Meinungsfreiheit? – „Trau, schau wem!“

Im Streit zwischen Seehofer und Merkel bzw. CSU und CDU um die Grenzsicherung wurden Begriffe wie Asylflut, Asylindustrie, Asyltourismus usw. verwendet, die man eher der AfD zuordnet. Zweifellos meinte der Bundespräsident solche Schlagworte, als er kürzlich einen vorsichtigeren Umgang mit der Sprache anmahnte. Darf man vermuten, dass er damit die Kritiker der Migrationspolitik disziplinieren bzw. einseitig die Vertreter der offiziellen Flüchtlingspolitik stärken will? In diesem Falle hätte er seine Neutralität verletzt. Eine rote Linie demokratischen Umgangs ist zweifellos überschritten, wenn prinzipiell alles, was von der AfD kommt, diskriminiert wird, auch dann, wenn es politisch korrekt und obendrein noch sachlich zutrifft. „Wehret den Anfängen“ – sagt das Sprichwort! Wenn die „Dinge nicht mehr beim Namen genannt“ werden dürfen bzw. der Staat die Sprache kontrolliert, ist die Meinungsfreiheit tot.

Gott sei Dank kann man sich in Deutschland frei äußern, ohne gleich im Gefängnis zu landen. Was soll man aber von den Mitbürgern halten, die trotzdem zu feige sind, ihre Meinung zu äußern? – Absolute Meinungs- und Medienfreiheit ist eine Illusion, denn am Recht vorbei findet permanent Zensur statt. Z.B. wird kein Moderator, kein Redakteur der öffentlich-rechtlichen Medien etwas „durchlassen“, was nicht im Sinne der politischen Korrektheit ist. – Der berühmte Autor und Medienfachmann Peter Scholl-Latour musste es wissen: Bei der Vorstellung eines seiner Bücher vor ein paar Jahren in Daun äußerte er, dass nur einige, wenige einflussreiche „graue Eminenzen“ im Hintergrund darüber bestimmten, was, ob und wie etwas veröffentlicht werde; er meinte wohl die mächtigen Geldgeber bzw. Inhaber großer Medienkonzerne und Verlage; das sind die potentiell stärksten Meinungsmacher.

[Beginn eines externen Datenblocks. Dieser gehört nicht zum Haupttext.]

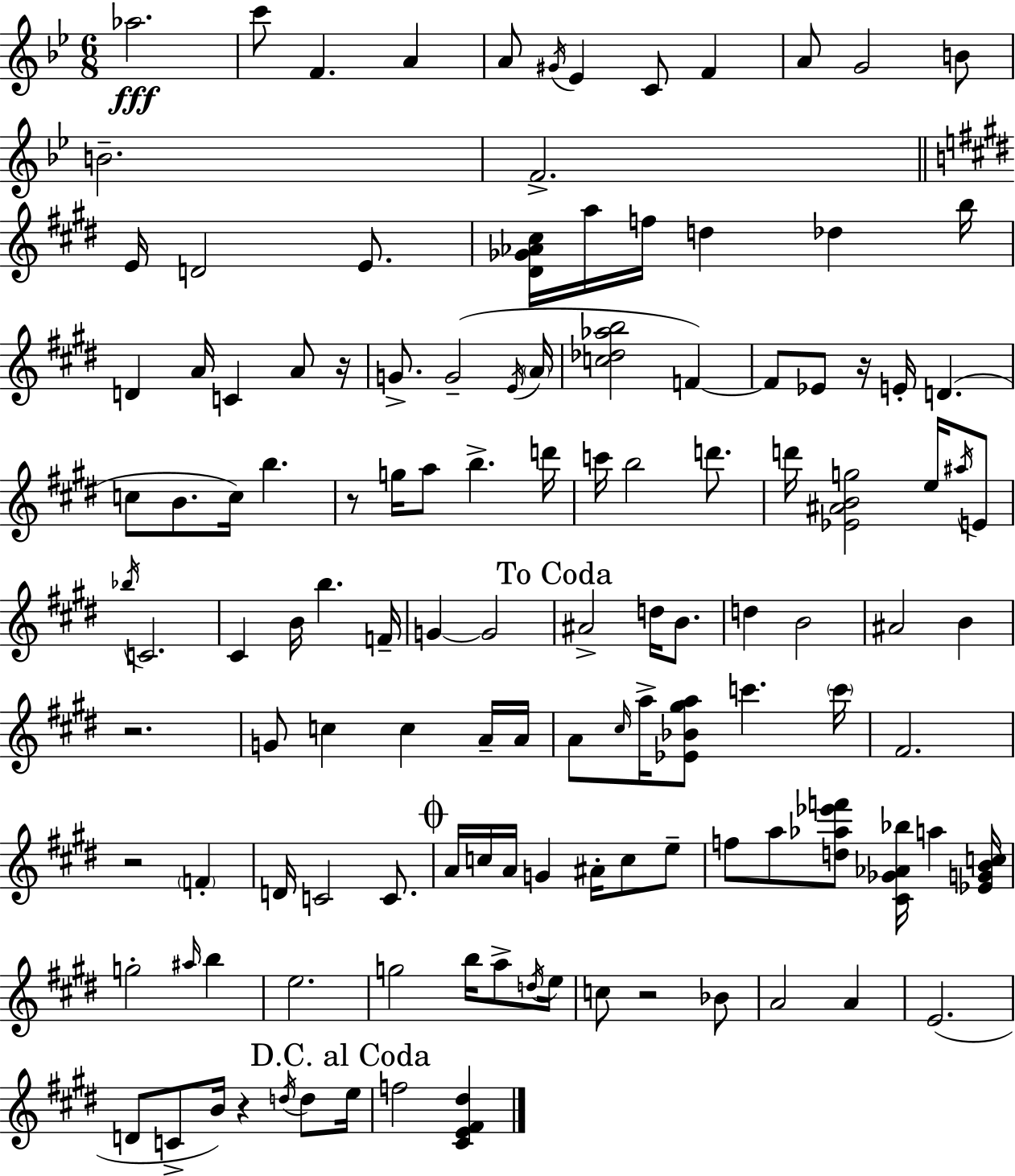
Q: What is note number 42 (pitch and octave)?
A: B5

Die dramatischste und perfideste Beeinflussung der öffentlichen Meinung geht von den so genannten Think Tanks (Meinungsfabriken) aus. Das sind Institute, die durch Erforschung, Entwicklung und Bewertung von politischen, wirtschaftlichen, sozialen und wirtschaftlichen Konzepten und Strategien Einfluss auf die öffentliche Meinung nehmen. Man sollte ihren Publikationen (z.B. Gutachten von angeblich unabhängigen Wissenschaftlern) nicht blind trauen, denn die dienen in der Regel den eigenen und den Interessen ihrer Klientel. Ihr Einfluss reicht bis in die Spitzen der Politik, weshalb wir besonders der political correctness wachsam misstrauen sollten. Denn auch sie kann uns zu geistigen Sklaven machen.

Meinungsmanipulation im großen Stil ist Teil unserer Lebensrealität. Freiheit des Denkens gibt es nicht ohne die Möglichkeit, sich öffentlich risikofrei äußern zu können. Bei uns muss man nicht fürchten, eine unbequeme Meinung zu haben, aber man muss Angst haben, mit ihr allein da zu stehen. Denn Unbequeme werden nicht fair widerlegt, sie werden von denen, die an den Hebeln der Meinungsmacht sitzen, isoliert bzw. platt gemacht.